After a few months in Persia, the 2nd Polish Corps and their families parted company. The soldiers travelled west to fight with the British army in Italy and Palestine, while their families had to move on again since they could not continue to live in Persia.
This time they would be sent to various countries throughout the British Empire to sit out the war. So another long journey began for Anna Sokulska Forster and her family, through Iran via Ahvaz – where Anna made a life-long friend of a young woman called Irena, who slept next to her on the floor of a warehouse. It was a hair-raising journey, on bad roads through mountains, to a port on the Persian Gulf where they boarded a boat to Karachi (at that point, in India; now, of course, in Pakistan).
After a couple of months there, in early 1943, Anna, her mother and two young brothers boarded another boat and sailed for six weeks down the east coast of Africa to Mombasa in Kenya. From there they were sent to a camp in Tanganyika (now Tanzania) where they were housed in rondavels (traditional thatched huts) built for them by the local population under the British Authorities. The camp, Tengeru, was the largest in East Africa, with 4000 deportees. A farm was created, a church was built, schools were established and the families were able to settle for a few years in a warm climate with plenty of food. There were downsides in the form of malaria, snakes, and various unpleasant insects, but generally life was good.

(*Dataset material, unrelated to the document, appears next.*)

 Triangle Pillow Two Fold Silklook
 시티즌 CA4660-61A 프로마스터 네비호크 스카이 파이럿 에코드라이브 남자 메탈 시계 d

Diana Forster has some photographs of her mother and grandmother at Tengeru. She has also created some other art to reflect the duality of this place: in an ironic ‘advertising poster‘ she captures both its attractiveness and temporariness, as a ‘place to visit’ but not ‘somewhere to stay’. Tengeru was an important staging post for many Polish refugees on their slow journey back to some kind of normal life, and some kind of control. But as for other forms of shelter en route, it was yet another form of limbo (however pleasant), chosen and managed by others – not a place they could make home.